Corsair Obsidian 650D Reviewairman - June 8, 2011
» Discuss this article (9)
When I think of the Corsair Obsidian series, I am reminded of the massive full towers like the 700D and 800D that are immensely clean and perfect for watercooling, housing multiple video card setups, gigantic power supplies, and large hard drive arrays. Until recently, I was only aware that the Obsidian series cases were available in full towers and I was proven wrong when I learned about the Corsair Obsidian 650D. The Obsidian 650D is technically a mid tower, offering just about all the features you can expect out of a full tower — only sacrificing a little room. The Obsidian series has been wildly popular with the super high-end system builders and gamers with deep pockets as they certainly aren't cheap, but arguably some of the best cases that a couple hundred dollars can buy. The Obsidian series offers a feature-rich background, including integrated fan controllers, optional windows, hot swappable drives, brilliant cable routing systems, dust filters, and more.
The Corsair Obsidian 650D will be the first case from Corsair that I have had the fortune to evaluate. I am expecting an easy installation, good airflow, rigid construction, and thoughtful engineering on the packaged features, as well as more abstract ones, such as wire management and interchangeability of parts.

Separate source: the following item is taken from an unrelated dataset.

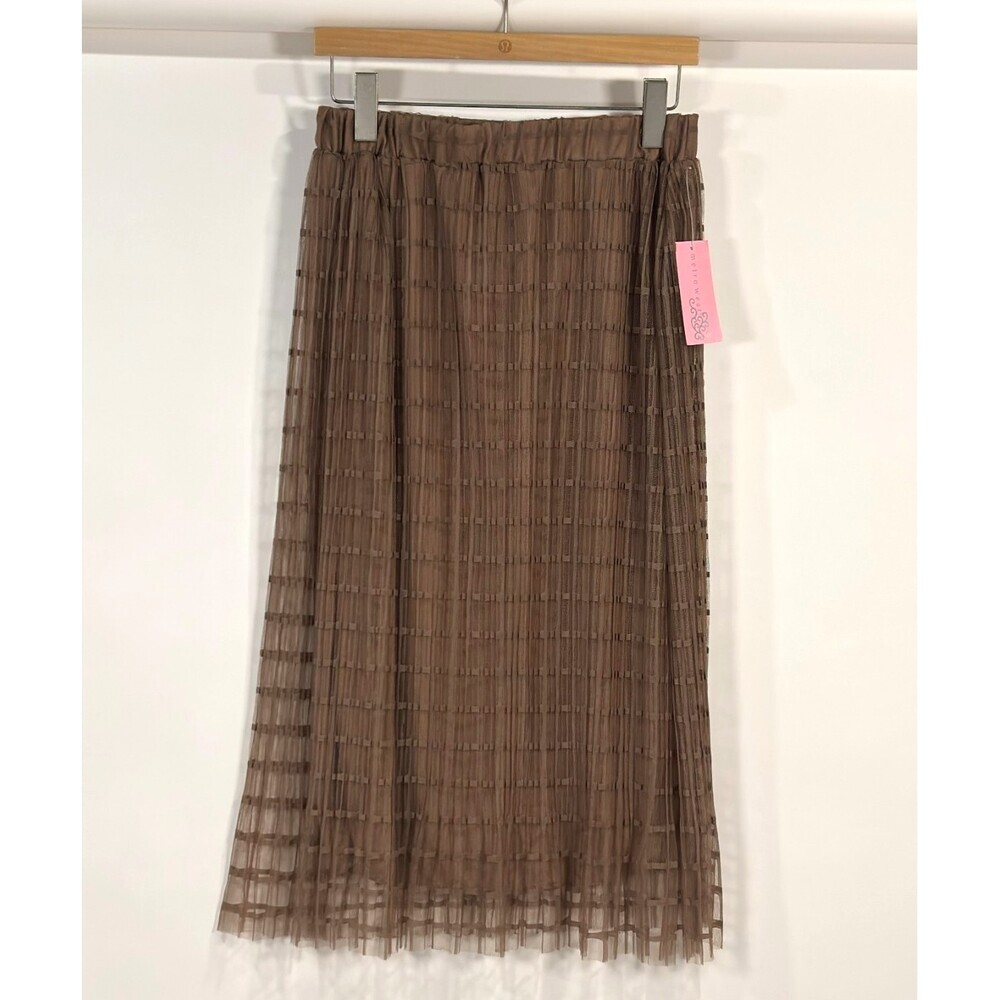 Metrowear Pleated Windowpane Mesh Midi Skirt Brown NWT - Medium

This review will feature an in-depth evaluation of the Corsair Obsidian 650D. I will begin with packaging impressions and unboxing of the case, showing its packaged accessories. Following this will be an external and internal evaluation of the case, from my thoughts and opinions on these areas using a methodical approach. Most importantly, I will perform intense testing sessions with some of the latest hardware on the market while recording temperatures of key components, such as the CPU, video card, hard drives, and northbridge, and compare these results to other cases currently on the market. I am looking forward to getting started, so I'm going go end this introduction and jump right in!

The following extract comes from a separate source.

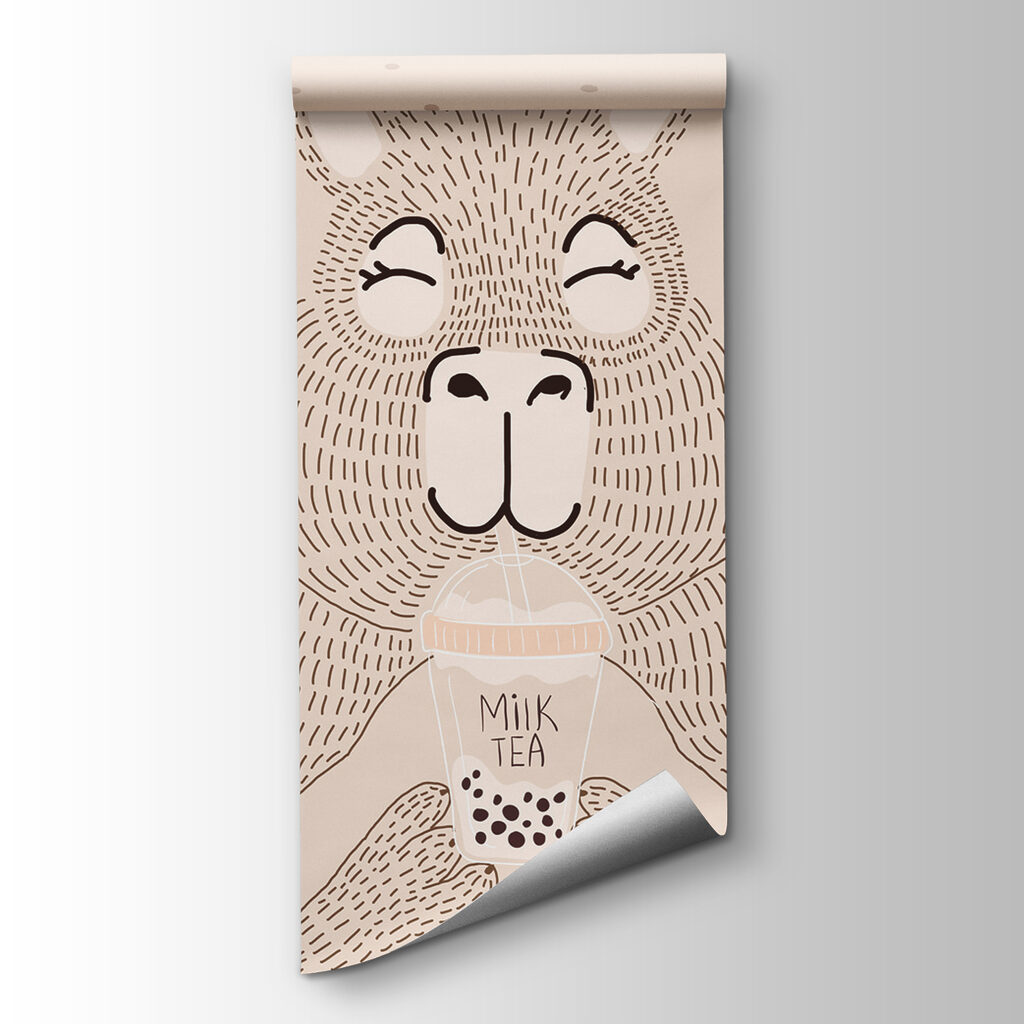 Lama met een beker — productweergave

From what I've seen, Corsair generally sways away from flashy and high-end graphics on the disposable box that's most likely going to be thrown away within weeks of being opened. Other companies have been doing this as well, possibly to go green, but at the least, it saves cost. The entire box is printed in monochrome black and features a wireframe model of the Obsidian 650D on the front along with the Corsair logo next to a large amount of text. The sides of the case show general specifications of the case, such as dimensions, weight, expansion slots, etc. This information is provided in several different languages. The back of the packaging shows something I haven't seen often, which is an exploded view of the Obsidian 650D with numbered symbols that correspond to a commentary below — also in different languages. As an engineer, I must say we appreciate the exploded views! It's a very clear representation of the case and what to expect in terms of features and components.
The Obsidian 650D is packaged like most others, between two blocks of Styrofoam and wrapped in a bag. The accessory package can be found inside the case, which contains general hardware, such as standoffs, screws, zipties, etc. There is also a user's document included, which is basically a small poster that covers the basics on what features this case offers and how to fully take advantage of them.